All those defending Atlassian need to go read this other current front page hn article: https://news.ycombinator.com/item?id=28414308 and probably lots of other articles about good documentation.
To be fair, I understand what you are saying, but the problem is you are trying to meet the needs of suits, while I'm trying to meet the needs of technical teams. I can acknowledge that git can be daunting for suits, and probably not the correct method for them to write docs, (e.g., I'm not saying force the suits to use git, even though, with a web interface like GHE or gitlab etc, this is actually quite easy and visually intuitive, no terminal or (laughing) "bloated code editor" required) but it seems the "suits side" of this argument doesn't want to acknowledge that the needs of technical teams aren't being met when they force their lowest common denominator tool on the entire org.
And look at the stock. If someone told me it would ever reach $180, would have been shocked. It’s now $384. And it’s outperforming the expectations all the time.
All the people who claim it is awful software, they ignore how many people love the Atlassian suite.
Not that many people “love” it, that’s why it’s always surprising how well it does. It’s pretty unpleasant to use but there isn’t really anything else out there that’s so well integrated so they keep winning despite the pain.
That's one of the selling point of Saas compared to hosted instance honestly. Some company think that having Confluence hosted internally is going to increase the security. But this is wrong. When you rely on a Saas provider. The provider has people who monitor the infrastructure constantly whereas when you hosted on your own server, the confluence instance is just one of the many services that they manage. And even if some company will be very reactive to events like this. The majority of companies will be much slower.
And in addition to that. When you use Saas. Security is a top priority, a Saas provider can't allow to have data of its customers leaked on the web. Whereas once again when it is internal data people will be less cautious
This isn't always true. Using a SaaS is outsourcing these concerns, and sometimes you're outsourcing them to someone who will do better than you would and sometimes worse. I've worked on a couple of SaaS where security was absolutely not top priority. Especially in Silicon Valley, organizations often value growth over sound processes, fully staffed security teams, and managing tech debt. Many a SaaS has leaked customer data and survived, so many think they CAN allow that risk.
I didn't say that it is always the case. The same argument you use can be used to talk about companies who are going to self host Confluence.
I agree that a lot of Saas startup are going to neglect security. But here we are talking about Knowledge base tools Saas companies. This is not some standard Saas company. They know they are in charge of company internal secrets. Or at lest I hope
Any time a SaaS gets compromised there's a similar comment here about how obviously this is going to happen when you give someone else your data, and it should have just all been within your own firewall, unexposed directly to the Internet.
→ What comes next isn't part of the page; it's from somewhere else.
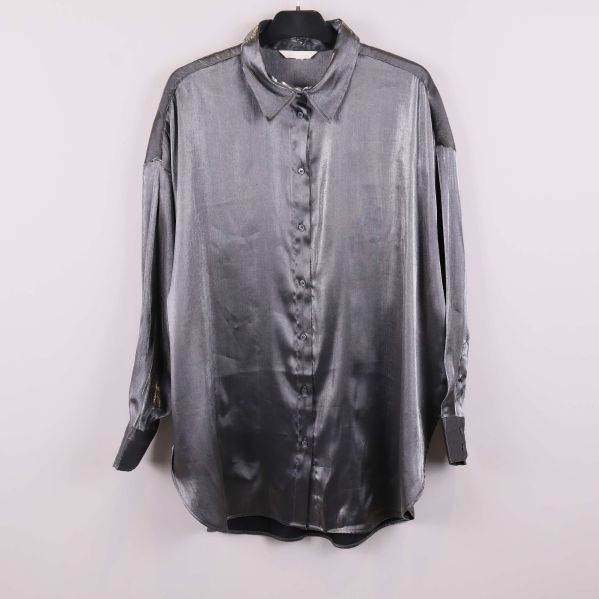 Helbild av grå glansig skjorta framifrån på galge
I mean right this minute there's a privacy-focused SaaS on the front page for not being as private as everyone thinks. There's also a network hardware vendor on the front page for including back doors. A philosophy like "SaaS vendors know they can't allow security breaches" is really glossing over the need for layers of security and knowing that it's ultimately all on the trustworthiness of specifically who is involved.
If you can afford to not expose it to the internet obviously you are going to have better security. But this is not always desirable talking about wiki software.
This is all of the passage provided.